[Given information — start]

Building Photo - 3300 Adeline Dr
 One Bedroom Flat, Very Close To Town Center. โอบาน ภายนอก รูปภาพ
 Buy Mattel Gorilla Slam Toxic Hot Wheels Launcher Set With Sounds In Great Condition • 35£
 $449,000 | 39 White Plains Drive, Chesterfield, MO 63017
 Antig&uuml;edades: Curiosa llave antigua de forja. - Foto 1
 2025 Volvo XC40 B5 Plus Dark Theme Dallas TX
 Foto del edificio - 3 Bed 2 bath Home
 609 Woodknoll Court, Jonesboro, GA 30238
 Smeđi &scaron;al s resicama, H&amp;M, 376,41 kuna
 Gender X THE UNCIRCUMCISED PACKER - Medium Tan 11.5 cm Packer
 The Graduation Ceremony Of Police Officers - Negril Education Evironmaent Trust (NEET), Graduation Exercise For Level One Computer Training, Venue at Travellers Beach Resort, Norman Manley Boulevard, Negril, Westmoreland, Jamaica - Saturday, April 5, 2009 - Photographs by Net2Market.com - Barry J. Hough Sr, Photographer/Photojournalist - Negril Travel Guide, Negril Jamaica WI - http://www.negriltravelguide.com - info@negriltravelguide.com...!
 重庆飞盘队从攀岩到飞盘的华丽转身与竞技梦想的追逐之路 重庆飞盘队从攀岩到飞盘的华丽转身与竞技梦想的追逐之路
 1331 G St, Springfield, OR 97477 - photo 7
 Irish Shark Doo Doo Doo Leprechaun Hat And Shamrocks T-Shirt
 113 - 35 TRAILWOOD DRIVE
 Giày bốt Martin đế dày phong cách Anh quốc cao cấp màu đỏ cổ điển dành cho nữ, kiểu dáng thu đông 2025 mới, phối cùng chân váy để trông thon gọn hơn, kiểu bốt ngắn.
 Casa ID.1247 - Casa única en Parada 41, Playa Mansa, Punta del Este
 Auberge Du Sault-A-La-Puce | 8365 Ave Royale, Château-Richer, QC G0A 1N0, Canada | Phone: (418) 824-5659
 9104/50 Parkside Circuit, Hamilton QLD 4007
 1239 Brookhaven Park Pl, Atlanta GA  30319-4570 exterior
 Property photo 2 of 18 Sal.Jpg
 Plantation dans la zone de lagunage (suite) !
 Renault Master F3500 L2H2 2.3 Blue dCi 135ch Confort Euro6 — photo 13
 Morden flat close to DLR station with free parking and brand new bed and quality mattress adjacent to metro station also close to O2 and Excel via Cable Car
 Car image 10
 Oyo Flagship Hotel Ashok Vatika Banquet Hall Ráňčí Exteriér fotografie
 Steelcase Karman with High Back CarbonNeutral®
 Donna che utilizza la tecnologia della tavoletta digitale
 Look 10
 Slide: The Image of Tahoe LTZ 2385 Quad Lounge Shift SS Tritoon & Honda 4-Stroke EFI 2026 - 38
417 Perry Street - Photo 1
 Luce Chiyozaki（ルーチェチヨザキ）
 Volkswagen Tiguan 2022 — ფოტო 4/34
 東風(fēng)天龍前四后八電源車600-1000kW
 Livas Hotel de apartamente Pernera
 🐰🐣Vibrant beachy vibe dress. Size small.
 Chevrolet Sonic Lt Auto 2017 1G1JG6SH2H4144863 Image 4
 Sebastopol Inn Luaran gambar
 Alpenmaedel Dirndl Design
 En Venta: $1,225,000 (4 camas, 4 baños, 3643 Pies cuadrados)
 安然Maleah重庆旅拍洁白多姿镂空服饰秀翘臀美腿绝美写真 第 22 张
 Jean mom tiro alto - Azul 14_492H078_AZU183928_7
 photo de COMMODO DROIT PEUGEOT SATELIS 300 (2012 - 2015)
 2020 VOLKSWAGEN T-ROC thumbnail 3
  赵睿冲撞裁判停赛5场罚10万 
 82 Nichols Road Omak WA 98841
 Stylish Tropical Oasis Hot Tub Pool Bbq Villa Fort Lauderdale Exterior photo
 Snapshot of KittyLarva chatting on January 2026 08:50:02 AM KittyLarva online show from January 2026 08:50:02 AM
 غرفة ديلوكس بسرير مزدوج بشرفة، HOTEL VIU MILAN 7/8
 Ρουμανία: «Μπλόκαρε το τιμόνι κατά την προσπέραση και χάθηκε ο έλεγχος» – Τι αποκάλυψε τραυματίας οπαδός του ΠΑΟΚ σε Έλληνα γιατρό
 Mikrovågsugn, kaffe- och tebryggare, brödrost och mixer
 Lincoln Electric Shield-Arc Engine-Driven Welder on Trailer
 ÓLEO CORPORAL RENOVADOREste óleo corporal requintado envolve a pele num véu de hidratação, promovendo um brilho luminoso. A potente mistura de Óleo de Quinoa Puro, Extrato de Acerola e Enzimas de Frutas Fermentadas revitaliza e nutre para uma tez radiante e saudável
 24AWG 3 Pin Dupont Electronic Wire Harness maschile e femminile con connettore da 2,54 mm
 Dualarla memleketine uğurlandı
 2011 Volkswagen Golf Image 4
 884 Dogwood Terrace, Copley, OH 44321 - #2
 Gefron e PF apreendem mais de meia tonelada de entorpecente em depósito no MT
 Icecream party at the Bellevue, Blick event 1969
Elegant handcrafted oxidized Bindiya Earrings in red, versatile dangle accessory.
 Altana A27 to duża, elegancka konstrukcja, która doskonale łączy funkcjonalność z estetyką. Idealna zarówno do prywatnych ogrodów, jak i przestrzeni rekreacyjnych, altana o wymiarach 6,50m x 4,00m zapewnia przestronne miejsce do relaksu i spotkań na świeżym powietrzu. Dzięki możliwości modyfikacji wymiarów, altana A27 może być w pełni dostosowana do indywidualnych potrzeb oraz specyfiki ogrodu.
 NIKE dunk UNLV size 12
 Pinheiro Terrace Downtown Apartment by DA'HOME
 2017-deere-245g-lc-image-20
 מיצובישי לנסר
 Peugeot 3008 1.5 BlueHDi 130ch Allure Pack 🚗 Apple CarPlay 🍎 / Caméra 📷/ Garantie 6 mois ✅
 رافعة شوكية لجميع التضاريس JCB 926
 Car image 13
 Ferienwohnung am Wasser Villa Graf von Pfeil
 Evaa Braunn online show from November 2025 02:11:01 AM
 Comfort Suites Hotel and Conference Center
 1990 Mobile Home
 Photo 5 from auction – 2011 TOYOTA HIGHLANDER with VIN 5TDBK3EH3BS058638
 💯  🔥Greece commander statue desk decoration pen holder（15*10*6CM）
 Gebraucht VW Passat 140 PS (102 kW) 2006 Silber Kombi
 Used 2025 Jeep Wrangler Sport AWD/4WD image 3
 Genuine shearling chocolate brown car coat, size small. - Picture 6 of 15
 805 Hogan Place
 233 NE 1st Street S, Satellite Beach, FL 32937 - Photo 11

[Given information — finish]

## What is required:
Find "重庆飞盘队从攀岩到飞盘的华丽转身与竞技梦想的追逐之路 重" in the entries above and copy that whole line exactly, then each line after it through the line that contains "113 - 35 TRAILWOOD DRIVE".

## Task solution:
 重庆飞盘队从攀岩到飞盘的华丽转身与竞技梦想的追逐之路 重庆飞盘队从攀岩到飞盘的华丽转身与竞技梦想的追逐之路
 1331 G St, Springfield, OR 97477 - photo 7
 Irish Shark Doo Doo Doo Leprechaun Hat And Shamrocks T-Shirt
 113 - 35 TRAILWOOD DRIVE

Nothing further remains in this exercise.